### [PROBLEM REQUIREMENTS]
Every line from the one with "Amplificador AV Yamaha RX-V357 – Con mando" through the end of the entries below should be written out exactly; the pictures should not.

(Brief descriptive captions)
----

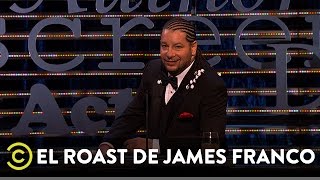 El Roast de James Franco  Ross sobre Rogen [upl. by Llemor447]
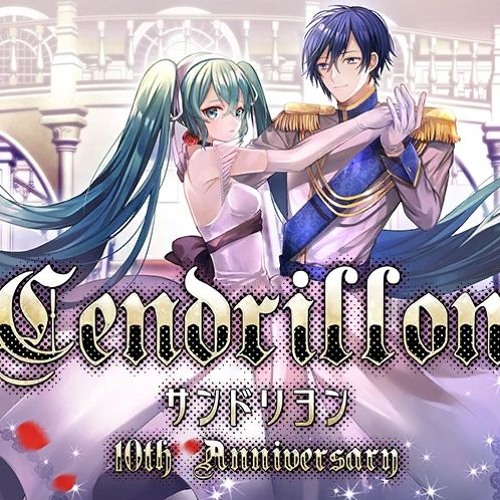 Cendrillon 10th anniversary with rock and r&b styles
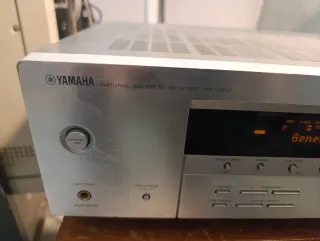 Amplificador AV Yamaha RX-V357 – Con mando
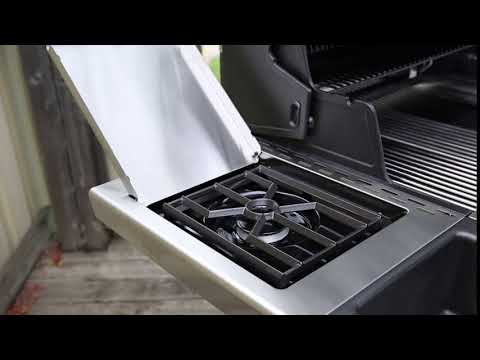  Boční plynový vařič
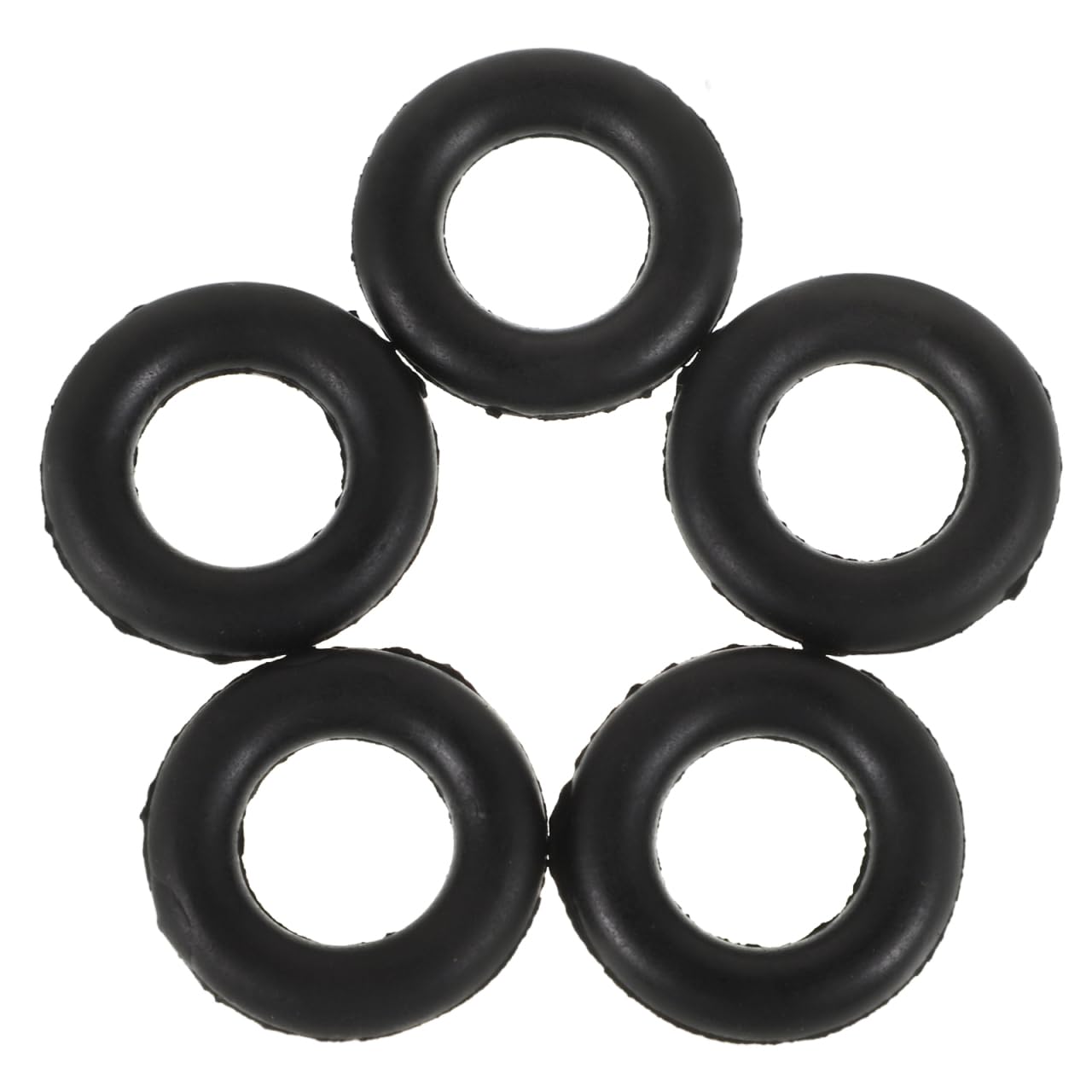 MILISTEN 5PCS Black Sewing Machine Bobbin Winder Rubber Tire Ring Bobbin Winder Household Sewing Machine Thread Holder for Singer Brother Kenmore Janome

----

### [COMPLETED TASK]
 Amplificador AV Yamaha RX-V357 – Con mando
  Boční plynový vařič
 MILISTEN 5PCS Black Sewing Machine Bobbin Winder Rubber Tire Ring Bobbin Winder Household Sewing Machine Thread Holder for Singer Brother Kenmore Janome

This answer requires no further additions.